3. CONTROL PLANE INTERNALS

3.1 Kube-API Server (The Hub)

The API Server is the only component that communicates with etcd. It is a RESTful gateway with a strictly defined request lifecycle:

  1. Authentication (AuthN): Validates "Who are you?" (X509 Certs, OIDC, Tokens).
  2. Authorization (AuthZ): Validates "What can you do?" (RBAC).
  3. Admission Control:
    • Mutating: Modifies the request (e.g., injecting a Sidecar).
    • Validating: Final check (e.g., checking ResourceQuotas).
  4. Persistence: Writes the JSON object to etcd.

The "Watch" Mechanism: Instead of polling, components (Kubelet, Scheduler) establish a long-lived HTTP/2 stream called a Watch. When etcd updates, the API Server pushes the event to the watcher.

3.2 Etcd (The State Store)

  • Consistency: Implements MVCC (Multi-Version Concurrency Control). Every change increments a resourceVersion.
  • MVCC: Old versions are kept until Compaction.
  • Backup Command:
    ETCDCTL_API=3 etcdctl snapshot save /tmp/snapshot.db \
    --cacert=/etc/kubernetes/pki/etcd/ca.crt \
    --cert=/etc/kubernetes/pki/etcd/server.crt \
    --key=/etc/kubernetes/pki/etcd/server.key

3.3 Kube-Scheduler (The Placement Engine)

The scheduler performs a two-phase cycle to move a Pod from Pending to Scheduled by setting the spec.nodeName:

  1. Filtering (Predicates): Removes nodes that lack resources, have taints, or fail affinity rules.
  2. Scoring (Priorities): Ranks remaining nodes. Examples: ImageLocality (does the node already have the image?) and NodeResourcesLeastAllocated (spread strategy).

3.4 Kube-Controller Manager (The Enforcer)

Contains multiple controllers (Node, Deployment, EndpointSlice). Each is a loop:

for {
desired := getDesiredState()
current := getCurrentState()
if desired != current {
reconcile(desired, current)
}
}

4. COMPUTE PLANE INTERNALS

4.1 Kubelet (The Node Commander)

Kubelet is the "manager" of the node. It does not run in a container; it runs as a systemd service.
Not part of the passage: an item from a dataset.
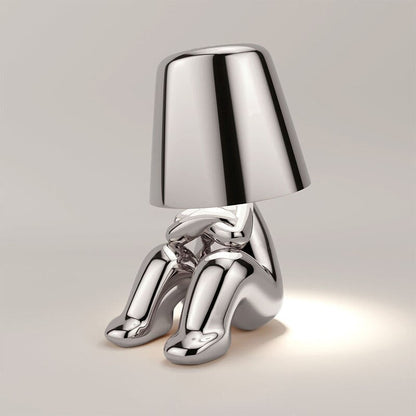 Sleek Dimmable Battery Table Light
  • PodSpec Processing: It receives PodSpecs and ensures the containers are running and healthy.
  • PLEG (Pod Lifecycle Event Generator): Relays container state changes back to the API.
  • Static Pods: Kubelet watches /etc/kubernetes/manifests and runs any YAML found there (used for bootstrapping the control plane).
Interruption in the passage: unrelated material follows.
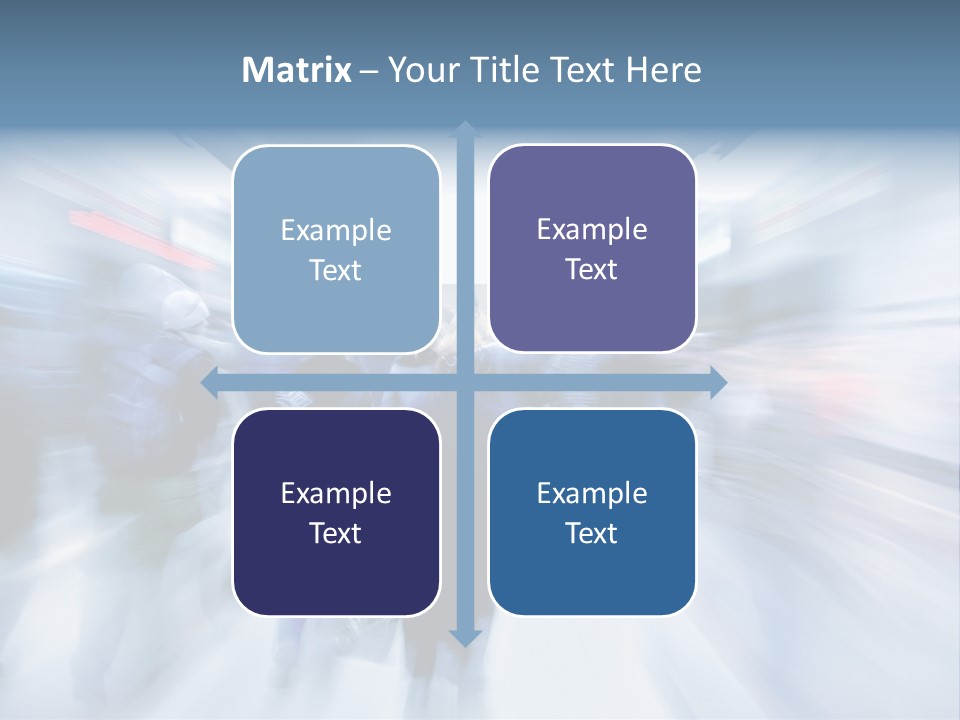 Subway Passenger Zoom PowerPoint Template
4.2 Kube-Proxy (The Network Orchestrator)

Programs the host's networking stack to handle Service IPs.

  • iptables Mode (Legacy): Uses netfilter rules. Scalability: $O(n)$ where $n$ is the number of services.
  • IPVS Mode (Production): Uses hash tables. Scalability: $O(1)$. Supports advanced LB algorithms like Least Connection.
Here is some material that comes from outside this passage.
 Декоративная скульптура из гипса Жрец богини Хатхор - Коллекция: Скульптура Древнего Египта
5. MODULAR INTERFACES: CRI, CNI, CSI

Kubernetes abstracts hardware/runtime logic into three gRPC-based interfaces.

5.1 CRI (Container Runtime Interface)

Allows Kubelet to communicate with runtimes (containerd, CRI-O).

  • Socket Path: /run/containerd/containerd.sock
  • Workflow: Kubelet sends a gRPC request to CRI -> CRI pulls image -> CRI talks to runc to create Linux namespaces/cgroups.

5.2 CNI (Container Network Interface)

Handles Pod networking.

  • Workflow: Kubelet calls CNI plugin (Calico, Flannel, Cilium) -> CNI creates a veth-pair -> CNI joins Pod to the network bridge/mesh -> CNI assigns an IP.
  • Standard: Every Pod in a cluster must be able to communicate with every other Pod without NAT.

5.3 CSI (Container Storage Interface)

Decouples storage vendors from the Kubernetes core.

  • Mechanism: Uses a "Sidecar" pattern.
    • External-Provisioner: Watches for PVCs, calls Cloud API to create a disk.
    • External-Attacher: Attaches the disk to the Node.
    • Node-Driver: Kubelet calls this to mount the disk into the Pod's filesystem.

6. VISUAL: THE DATA FLOW


7. ARCHITECT'S VERIFICATION CHECKLIST

ObjectiveCommand
Check API Healthkubectl get --raw='/healthz'
Verify Component Healthkubectl get componentstatuses (Note: Deprecated, use events/logs)
Inspect CRI Runtimescrictl pods and crictl ps
Audit API Groupskubectl api-resources
Trace Scheduling`kubectl describe pod
Check Node Networkipvsadm -Ln (If using IPVS mode)

Pro-Tip: Debugging "PLEG is not healthy"

This error means the Kubelet is unable to track container states fast enough.

  1. Check CPU/Memory of the Node.
  2. Check the Container Runtime logs: journalctl -u containerd -f.
  3. Verify the CRI socket is responsive: crictl info.